═════ DATASET EXCERPTS ═════
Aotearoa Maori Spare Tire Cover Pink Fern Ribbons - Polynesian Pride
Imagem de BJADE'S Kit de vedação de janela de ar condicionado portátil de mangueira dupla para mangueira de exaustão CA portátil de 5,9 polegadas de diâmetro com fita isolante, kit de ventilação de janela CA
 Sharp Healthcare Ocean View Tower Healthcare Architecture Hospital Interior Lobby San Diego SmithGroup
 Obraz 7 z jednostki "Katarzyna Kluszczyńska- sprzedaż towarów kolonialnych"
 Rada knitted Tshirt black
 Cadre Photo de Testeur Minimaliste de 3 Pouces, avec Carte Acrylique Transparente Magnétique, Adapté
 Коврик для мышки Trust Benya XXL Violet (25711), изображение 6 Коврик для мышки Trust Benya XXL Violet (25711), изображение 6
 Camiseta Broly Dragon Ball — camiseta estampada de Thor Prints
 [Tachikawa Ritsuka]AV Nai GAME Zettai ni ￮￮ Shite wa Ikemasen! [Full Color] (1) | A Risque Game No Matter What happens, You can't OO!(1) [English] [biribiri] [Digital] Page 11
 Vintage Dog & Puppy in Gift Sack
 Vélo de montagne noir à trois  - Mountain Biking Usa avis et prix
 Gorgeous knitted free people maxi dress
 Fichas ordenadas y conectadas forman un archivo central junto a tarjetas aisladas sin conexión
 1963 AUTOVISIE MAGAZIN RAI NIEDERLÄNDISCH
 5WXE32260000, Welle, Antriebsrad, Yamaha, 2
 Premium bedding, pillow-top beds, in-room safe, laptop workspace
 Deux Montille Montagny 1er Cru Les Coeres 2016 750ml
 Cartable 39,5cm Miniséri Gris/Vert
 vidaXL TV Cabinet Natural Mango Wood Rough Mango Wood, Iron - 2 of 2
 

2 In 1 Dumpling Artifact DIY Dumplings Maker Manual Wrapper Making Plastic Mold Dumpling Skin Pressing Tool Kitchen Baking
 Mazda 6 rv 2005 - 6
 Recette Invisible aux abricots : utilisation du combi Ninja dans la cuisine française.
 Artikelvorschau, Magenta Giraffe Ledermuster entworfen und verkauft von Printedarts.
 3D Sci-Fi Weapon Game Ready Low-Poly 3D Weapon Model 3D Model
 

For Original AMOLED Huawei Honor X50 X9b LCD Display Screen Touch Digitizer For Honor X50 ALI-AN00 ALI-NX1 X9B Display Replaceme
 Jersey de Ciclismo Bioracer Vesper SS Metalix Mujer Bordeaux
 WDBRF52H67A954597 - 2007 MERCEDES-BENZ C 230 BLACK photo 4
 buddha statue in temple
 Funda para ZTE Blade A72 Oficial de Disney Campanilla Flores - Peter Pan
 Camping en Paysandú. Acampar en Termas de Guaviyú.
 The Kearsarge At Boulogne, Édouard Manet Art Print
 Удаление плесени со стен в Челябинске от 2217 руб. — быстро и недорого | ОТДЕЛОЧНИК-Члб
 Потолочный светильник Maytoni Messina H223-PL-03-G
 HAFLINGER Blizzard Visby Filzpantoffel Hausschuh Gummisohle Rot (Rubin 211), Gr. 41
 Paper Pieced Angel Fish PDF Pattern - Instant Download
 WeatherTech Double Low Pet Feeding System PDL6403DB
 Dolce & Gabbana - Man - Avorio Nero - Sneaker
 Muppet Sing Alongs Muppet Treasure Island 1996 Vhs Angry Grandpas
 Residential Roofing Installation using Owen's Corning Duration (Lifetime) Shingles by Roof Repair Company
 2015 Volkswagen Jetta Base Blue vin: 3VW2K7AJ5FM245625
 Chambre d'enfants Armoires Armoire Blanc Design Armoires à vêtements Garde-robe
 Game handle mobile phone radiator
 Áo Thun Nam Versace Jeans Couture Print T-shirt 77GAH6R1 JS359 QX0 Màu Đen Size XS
═════
WORK REQUIRED
Look above for the line holding "Sharp Healthcare Ocean" and the line holding "Mazda 6 rv 2005 - 6", then output exactly those two lines and every line between them, nothing more.

EXPECTED ANSWER
 Sharp Healthcare Ocean View Tower Healthcare Architecture Hospital Interior Lobby San Diego SmithGroup
 Obraz 7 z jednostki "Katarzyna Kluszczyńska- sprzedaż towarów kolonialnych"
 Rada knitted Tshirt black
 Cadre Photo de Testeur Minimaliste de 3 Pouces, avec Carte Acrylique Transparente Magnétique, Adapté
 Коврик для мышки Trust Benya XXL Violet (25711), изображение 6 Коврик для мышки Trust Benya XXL Violet (25711), изображение 6
 Camiseta Broly Dragon Ball — camiseta estampada de Thor Prints
 [Tachikawa Ritsuka]AV Nai GAME Zettai ni ￮￮ Shite wa Ikemasen! [Full Color] (1) | A Risque Game No Matter What happens, You can't OO!(1) [English] [biribiri] [Digital] Page 11
 Vintage Dog & Puppy in Gift Sack
 Vélo de montagne noir à trois  - Mountain Biking Usa avis et prix
 Gorgeous knitted free people maxi dress
 Fichas ordenadas y conectadas forman un archivo central junto a tarjetas aisladas sin conexión
 1963 AUTOVISIE MAGAZIN RAI NIEDERLÄNDISCH
 5WXE32260000, Welle, Antriebsrad, Yamaha, 2
 Premium bedding, pillow-top beds, in-room safe, laptop workspace
 Deux Montille Montagny 1er Cru Les Coeres 2016 750ml
 Cartable 39,5cm Miniséri Gris/Vert
 vidaXL TV Cabinet Natural Mango Wood Rough Mango Wood, Iron - 2 of 2
 

2 In 1 Dumpling Artifact DIY Dumplings Maker Manual Wrapper Making Plastic Mold Dumpling Skin Pressing Tool Kitchen Baking
 Mazda 6 rv 2005 - 6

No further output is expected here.